Home » BEŞ KIZIL KARANFİL’İN ANISINA…. HASAN ATAŞ (ŞERZAN)’IN KALEMİNDEN 2 ŞUBAT..
BEŞLER PŞTA AFİŞ

BEŞ KIZIL KARANFİL’İN ANISINA…. HASAN ATAŞ (ŞERZAN)’IN KALEMİNDEN 2 ŞUBAT..

Açıklama: 2 Şubat 2011’de dersim Aliboğazı’nda ölümsüzlüğe uğurladığımız Beş Kızıl Karanfilimiz anısına 2 Haziran 2020’de Ovacık’ta ölümsüzleşen Hasan Ataş (ŞERZAN) tarafından kaleme alınan yazıyı paylaşıyoruz. 

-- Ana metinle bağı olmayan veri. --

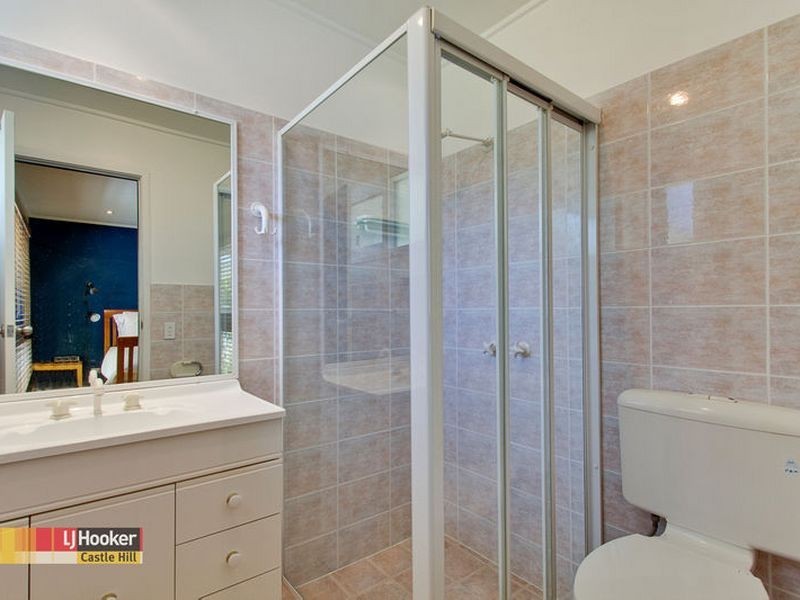 7 Ferguson Avenue, Castle Hill NSW 2154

“Herkes işini yapsın” dedi gerilla birliğinin Siyasi Komiseri ve toplatıyı bitirdi. Bitirmeden önceki son sözleri yüzü kadar net gözleri kadar berraktı. Toplantı bitiminde mangalarına çekilen tüm gerillalar iki gündür süren bu akşam son bulan eleştiri-özeleştiri toplantısının muhasebesini yapmaya başladır. Ve hepsi de “herkes işini yapsın” sözüne odaklanmışlardı. Aslında mesele bu kadar basit ama bir o kadar da karmaşıktı gerillalar cephesinde. Gerillalar yoğunlaşma içindeyken sözün sahibide manganın girişindeki tüneli gökyüzünün ferahlığına kavuşmanın sabırsızlığıyla hızlı bir şekilde geçti. Tünelin sonundaki zifiri karanlığın karşısında dimdik durarak yüzüne dokunan kar tanelerinin ritminde iki gündür süren toplantının gerillalar üzerinde etkisini düşünüyordu.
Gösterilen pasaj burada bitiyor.